もっとも,田中委員長は,上記会議において次のように発言し,「考え方」が了承された[5]

○田中委員長

今,原子力規制委員会,原子力規制庁が抱えている訴訟案件というのは,多分相当数に,いくつありますかね。

○竹本長官官房総務課法務室企画調整官

法務室の竹本でございます。行政訴訟,設置許可の取消とか差し止めとかを言いますと,今,16件抱えております。

○田中委員長

今,言いましたように16件あって,今後ともたくさん出てくる可能性が否定できないわけで,そういうときに,この基本的な考え方が,私どもが被告ではなかったけれども,大津地裁の判決などを見ても,こういう中身のところまで,今日御説明いただいている資料のようなところまで言及されています。ですから,そういうことに対する私どものきちんとした説明資料として作っていただいたものと私は思いますので,変に分かりやすいというよりは,そういう意味で法的な世界において,きちんとロジカルに,難しくてもいいですよ,そういう場合は。そういう意味で,直す必要があれば直していただくということかと思います。一般的な国民向けの説明資料は,またこれとは全く別のものだろうと私は思いますので,…(略)…だから,そういうことで,今ちょっと御指摘がありましたけれども,少し整理を,見直すところがあれば修正をしていただきたいと思いますけれども,基本的に,特に御意見がなければ,取りあえず第1版の資料として,多分訴訟は毎日のように私の方にも報告が来ていますので,進捗状況とか,そういうところで使えるような資料ということでまとめていただいたと思いますので,原子力規制委員会としてはこれで,この版として了承したいと思うのですが,いかがでしょうか。よろしいですか。

(「はい」と声あり)

○田中委員長

それでは,そういうことにさせていただきたいと思います。

上記田中委員長の発言によれば,「考え方」は,訴訟・裁判で使えるような資料としてまとめられたものということである。このような田中委員長の発言を俟つまでもなく,「考え方」の内容を見れば,田中委員長が指摘する大津地裁2016年3月9日高浜原発3・4号機運転差止仮処分決定[6](上記田中委員長の発言における大津地裁の「判決」という箇所は,「決定」の誤りと考えられる。)以外にも,同決定についての異議審決定[7]や福井地裁2014年5月21日大飯原発3・4号機運転差止判決[8],福井地裁2015年4月14日高浜原発3・4号機運転差止仮処分決定[9]を意識していると考えられる項目が多いこと(「考え方」1‐2‐1,2‐2‐2,2‐5‐2,4‐1‐3,4‐2‐2,4‐2‐3,5‐2‐7,5‐2‐8等)からすれば,「考え方」は,まさに訴訟・裁判対策のために作成されたものといえる。
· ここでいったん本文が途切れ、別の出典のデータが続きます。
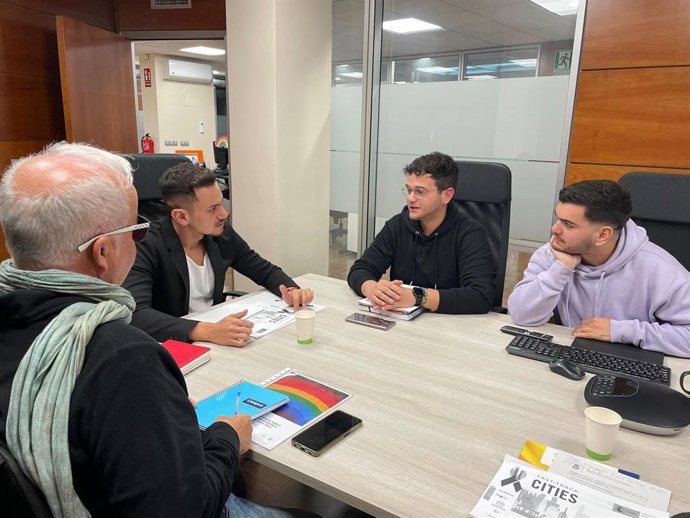 El consejero del área de Participación Ciudadana y Diversidad del Cabildo de Tenerife, Nauzet Gugliotta, mantiene una reunión sobre la cam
実際,「考え方」は,各地の原発裁判において証拠として提出されており,国を被告とする行政訴訟のみならず,電力会社を被告とする民事訴訟,仮処分事件等においても多く証拠として提出されている。ここで問題となるのが,「考え方」が原子力規制委員会の「主張」としてだけではなく,裁判所が判断する前提となる「証拠」として提出されていることである。本文で検討するように「考え方」の項目の中には,これといった理由を述べることなくほとんど結論しか述べていない項目が多くあり,このような「考え方」が「原子力規制委員会がそのように結論付けている」という理由だけで安易に採用されるとすれば,裁判所の判断の誤りを招き,司法が単に行政に追随するだけの機関に堕すおそれすら生じかねない。

そして,上記懸念は,杞憂とはならず,大津地裁2016年3月9日高浜原発3・4号機運転差止仮処分決定の抗告審において,大阪高裁は,「考え方」の内容の当否を検討することなく,「原子力規制委員会がそのように結論付けている」という理由だけで「考え方」を安易に採用し,2017年3月28日,高浜原発3・4号機運転差止仮処分決定を取り消した[10]

そこで,脱原発弁護団全国連絡会では,「考え方」(2016年8月24日改訂版)の内容及び結論について有志らによる検討を行い,その結果を本報告書に取りまとめた。その詳細については各項を参照していただくより他ないが,総論として,新規制基準はもとより福島第一原発事故の反省を踏まえ原発の安全性を確保するものとはなっていないが,「考え方」はこれが合理性を有するものと強引に取り繕うものである。つまりは,「考え方」は原子力規制委員会の欺瞞の象徴である。

なお,「考え方」が事実上裁判において原子力規制委員会の判断を権威付けるための資料として作成された経緯に鑑み,本報告書では,「考え方」の内容について検討するのみならず,内規,ガイド類を含む新規制基準の体系全体や適合性審査の実情等についても必要に応じて言及している。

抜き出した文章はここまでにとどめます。